Thinking back on all the patients he has counseled with adverse physical and psychological consequences of a previous abortion, Hammond said he realizes that his conviction at that time was wrong in so many ways.
“Abortion may seem like a solution in the short term, when there seems to be so many reasons to end a pregnancy, and when the prospect of continuing a pregnancy seems so insurmountable,” he said. “However, I have learned something significant from the experience of caring for women for more than 40 years, many of whom have shared their stories with me. The painful memories and haunting questions that persist after an abortion take a heavy toll.”
It took a toll on Hammond as well.
He says he could blame the church for not giving him the ammunition to resist the indoctrination in medical school and residency or blame his parents for not intervening.
“But the truth is, I can only blame myself,” Hammond said. “I should have been a better student of what the Bible says about the sanctity of human life. I was the one who put those little baby parts back together again after each abortion without flinching.”
Having come full circle, Hammond has immersed himself in the pro-life movement.
He has coauthored a book, The Christian and Abortion—A Nonnegotiable Stance, serves on the board of a local pregnancy center, The Abortion Survivors Network, and the VITAE Foundation, and often speaks at pregnancy center fundraisers around the country. He’s also spoken to college student groups and medical school symposia.

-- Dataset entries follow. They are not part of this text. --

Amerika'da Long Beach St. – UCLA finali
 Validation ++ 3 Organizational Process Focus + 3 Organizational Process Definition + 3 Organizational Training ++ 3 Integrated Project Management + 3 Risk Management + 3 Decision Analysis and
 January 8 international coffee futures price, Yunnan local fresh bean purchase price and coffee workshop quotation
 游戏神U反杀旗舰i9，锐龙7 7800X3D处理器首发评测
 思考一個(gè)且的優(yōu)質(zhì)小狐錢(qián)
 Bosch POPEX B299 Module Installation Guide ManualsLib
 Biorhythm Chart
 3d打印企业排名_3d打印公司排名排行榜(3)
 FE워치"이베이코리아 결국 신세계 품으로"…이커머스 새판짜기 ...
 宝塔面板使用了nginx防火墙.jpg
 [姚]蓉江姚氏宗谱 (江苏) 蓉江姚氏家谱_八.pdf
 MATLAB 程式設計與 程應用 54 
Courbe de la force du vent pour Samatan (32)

Hammond is a strong opponent to the chemical abortion pill, calling mifepristone “the greatest holocaust in history,” and advocating for it to be taken off the market.
Since his conversion, Hammond has had numerous one-on-one discussions with friends and acquaintances about abortion.
“I have won over a few and some I’m not so sure of,” he said.
“But what is most important to me is sharing that even though I am guilty of ending over 700 innocent lives, Jesus Christ has freed me from the guilt and shame I deserve,” said Hammon. “It gives me the chance to share the gift I have been given and that it is available to all who repent and seek His forgiveness.”